Cette fois-ci, nous nous entretenons avec le célèbre chef d’orchestre Yannick Nézet-Séguin, dont le plus récent enregistrement sur étiquette ATMA Classique est la Symphonie no 1 de Sibelius, à la direction de l’Orchestre Métropolitain. Nous avons parlé avec M. Nézet-Séguin en mai 2020.
1. Quelle a été votre dernière prestation publique en concert avant le début du confinement?
J’ai donné mon dernier concert le 12 mars 2020, et son enregistrement vidéo est très populaire sur Internet. Je dirigeais les cinquième et sixième symphonies de Beethoven avec l’Orchestre de Philadelphie. Nous avons joué dans notre salle, en habit de concert. Il n’y avait pas d’auditoire dans la salle, car l’interdiction venait d’entrer en vigueur, mais l’orchestre pouvait encore se réunir. Nous nous doutions bien que ce serait le dernier concert avant un bout de temps, et nous l’avons diffusé en direct à l’intention de notre auditoire virtuel. Aucun de nous n’oubliera jamais cette émotion… le fait de jouer sans auditoire et le sentiment qu’il est si important de faire de la musique ensemble. Tout cela a donné un sens particulier à notre façon de jouer ces symphonies très connues et chargées de symboles.
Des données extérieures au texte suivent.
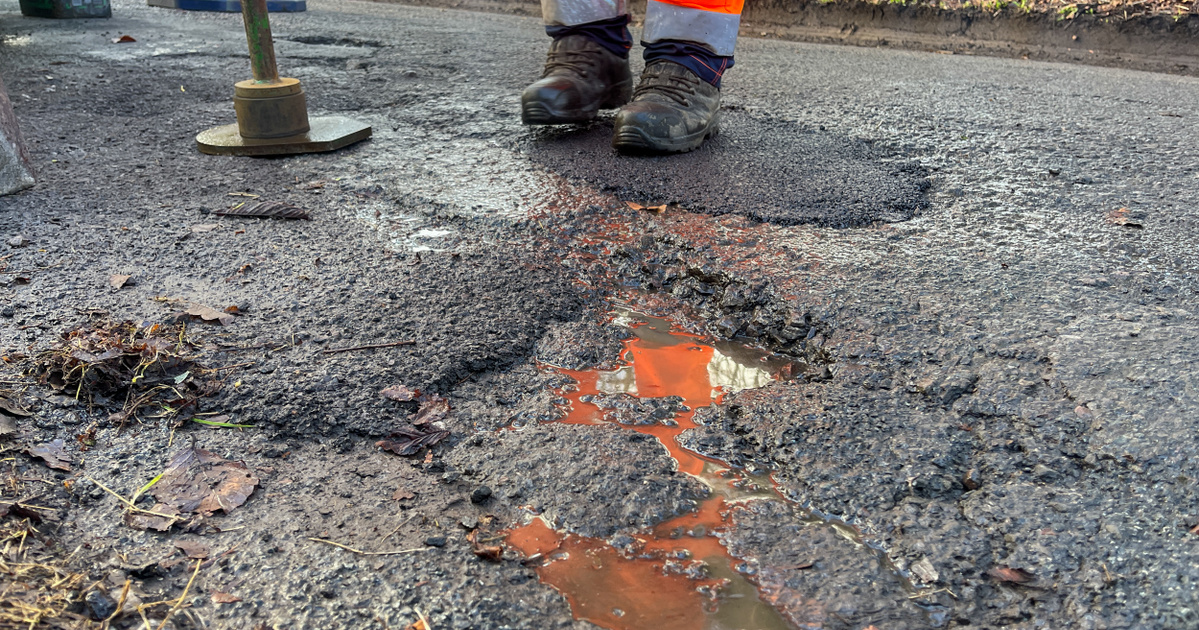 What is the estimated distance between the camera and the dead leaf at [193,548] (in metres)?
1.03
2. En quoi votre routine quotidienne a-t-elle changé au cours de la pandémie?
Ah! si j’avais une meilleure routine! C’est difficile d’en avoir une en ce moment, même si, en fait, c’est très important pour l’esprit. Bien sûr, au début, j’étais tellement occupé par la montagne de tâches administratives que, bien souvent, j’étais trop fatigué pour faire de la musique ou jouer du piano pendant la journée. Maintenant, j’essaie de commencer la journée au piano et de continuer avec l’administration. Je pense que cet équilibre est meilleur pour ma santé mentale.
3. Quel aspect de cette nouvelle réalité trouvez-vous le plus difficile?
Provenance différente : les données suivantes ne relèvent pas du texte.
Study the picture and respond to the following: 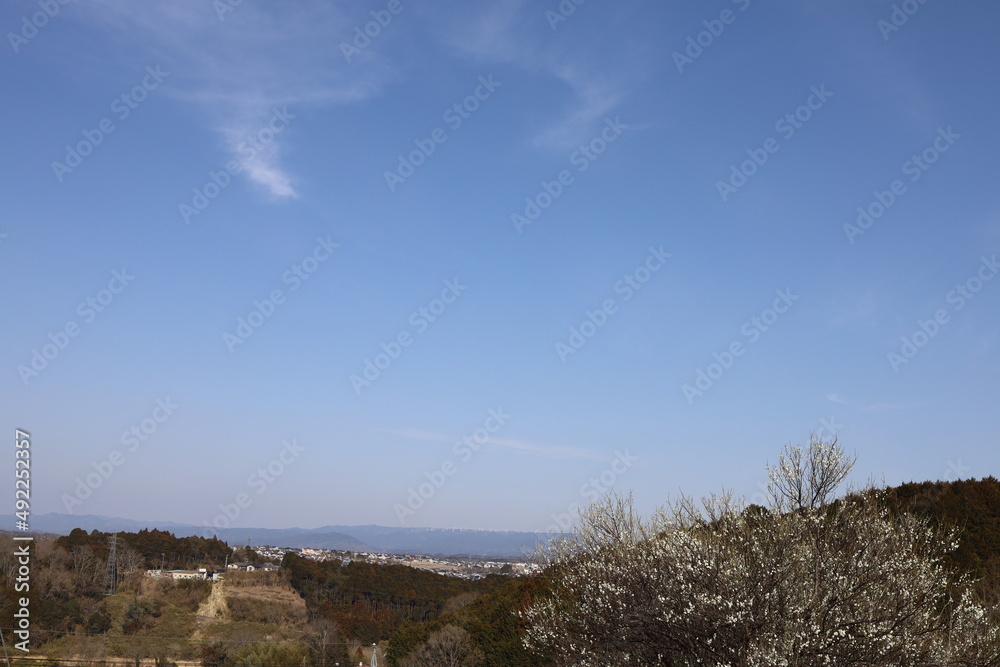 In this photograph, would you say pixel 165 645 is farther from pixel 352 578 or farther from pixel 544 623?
pixel 544 623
Ce qui est très difficile, c’est d’être loin des musiciens avec qui je travaille tout le temps. La pandémie est une situation difficile pour tous les humains du monde, mais en particulier pour les artistes. Nous avons été les premiers à devoir interrompre nos activités, et nous savons que nous serons les derniers à les reprendre. C’est très dur pour notre moral à tous.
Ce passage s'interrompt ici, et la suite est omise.